The L-1 (“intracompany transferee”) nonimmigrant visa classification permits multinational companies to transfer certain categories of employees from their foreign operations to their operations in the United States. Specifically, the L-1A classification is available for intracompany transfers of corporate managers and executives, while the L-1B visa classification enables intracompany transfers of employees who possess “specialized knowledge.”
On March 24, 2015, U.S. Citizenship and Immigration Services (USCIS) issued a 15-page draft policy memorandum setting forth its policy regarding the L-1B classification for workers with specialized knowledge. Clarifying this policy was one of the initiatives announced by President Barack Obama as part of his executive actions on immigration on November 20, 2014. The draft memorandum will be subject to feedback until it becomes effective on August 31, 2015. Therefore, it is too early to tell what the memorandum will look like in its final form.

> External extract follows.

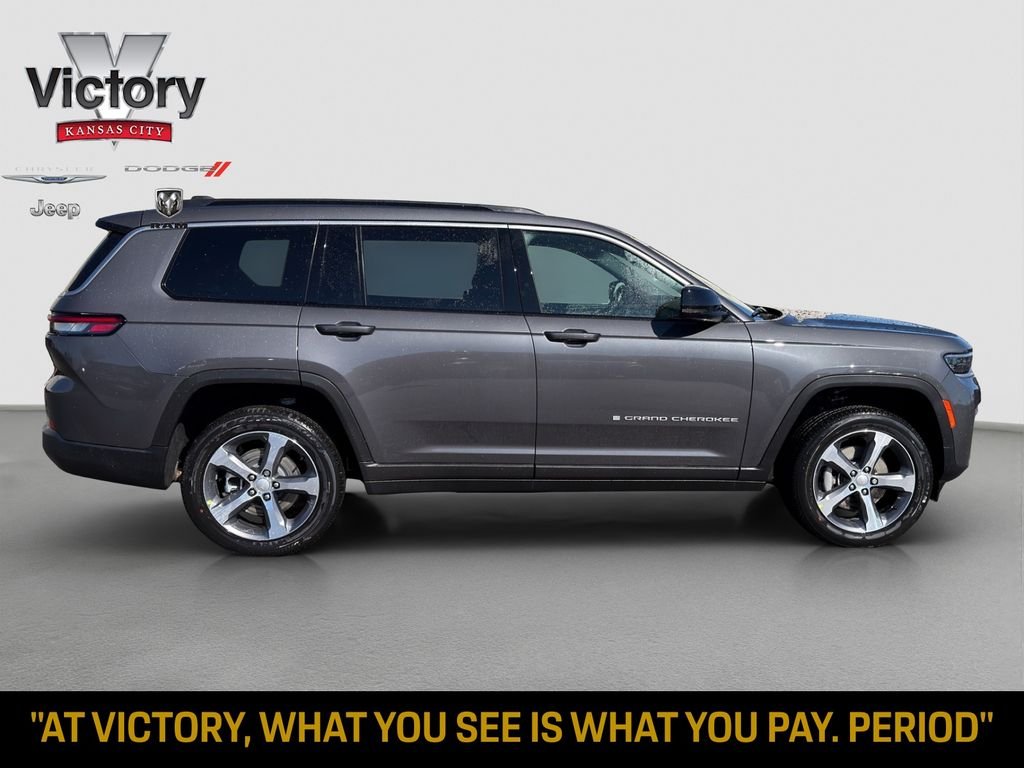 New 2026 Baltic Gray Metallic Clear-Coat Exterior Paint Jeep Limited image 8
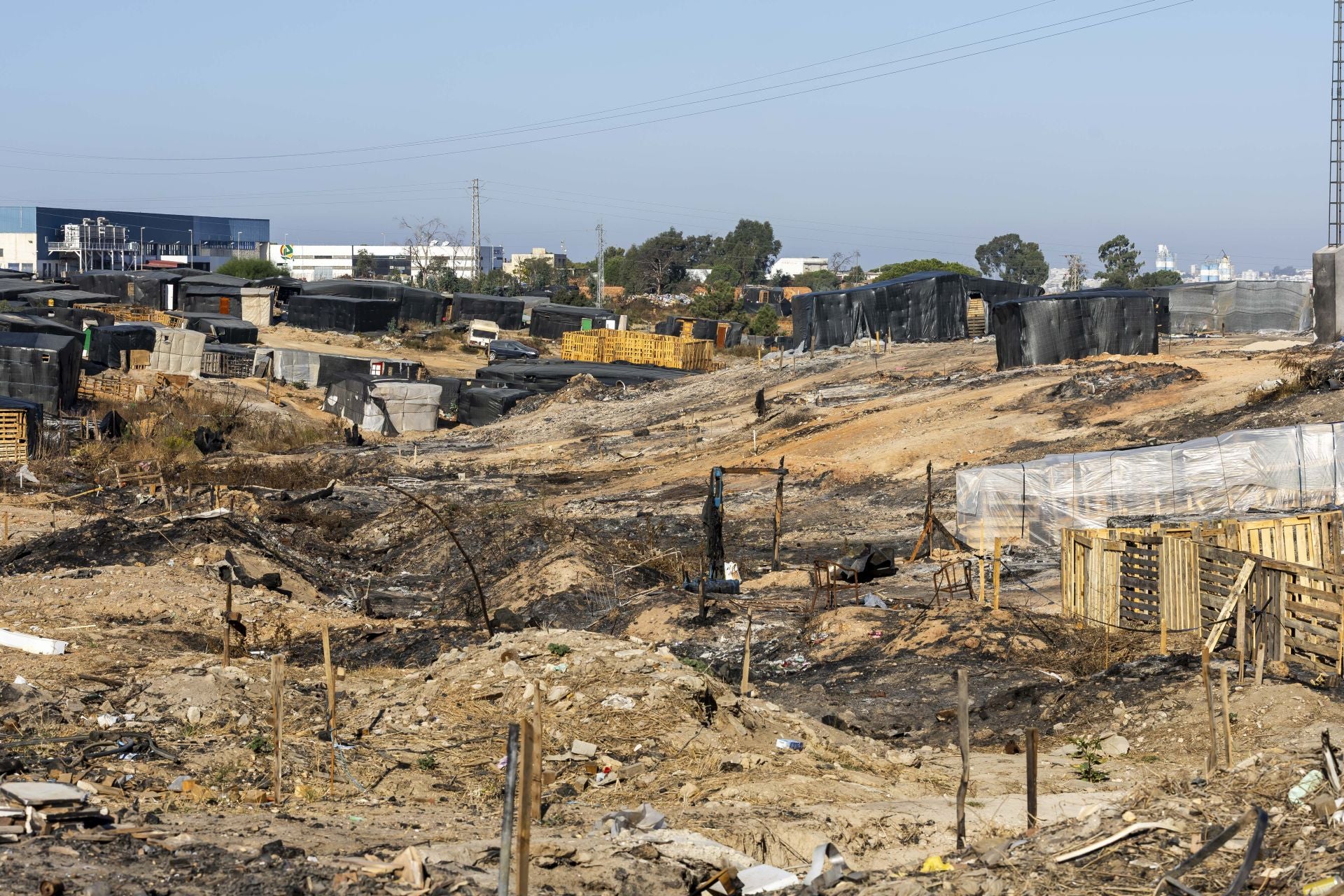 Así ha quedado el asentamiento chabolista de Palos tras el nuevo incendio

The memorandum provides consolidated and authoritative guidance on the L-1B program, superseding and rescinding prior L-1B memoranda. It interprets existing statutory and regulatory authorities to promote consistency and efficiency in L-1B adjudications. It provides clarification regarding how L-1B petitioners may demonstrate that an employee possesses specialized knowledge. In the case of off-site employment, it also provides greater clarity regarding compliance with the requirements of the L-1 Visa. The memorandum also clarifies that the standard of proof is “preponderance of the evidence” and that the petitioner must only prove that its claims are more likely than not. The petitioner does not need to remove all doubt from the adjudication.
To date, policy on the L-1B classification has been set forth in a series of policy memoranda dating back to 1994. The updated USCIS memorandum is consistent with those policy memoranda but provides consolidated and authoritative guidance on determining whether specialized knowledge has been established in L-1B petitions and ensuring compliance with the L-1 Visa Reform Act. As such, USCIS supersedes and rescinds prior memoranda on the subject. The complete 15-page memorandum can be found here.
L-1B petitions are very complex. They require extensive supporting documentation and a thorough legal analysis to help convince the USCIS adjudicator that the facts of the case meet L-1B regulatory standards. Therefore, it is not recommended that employers apply for L-1B classification without the benefit of experienced immigration counsel.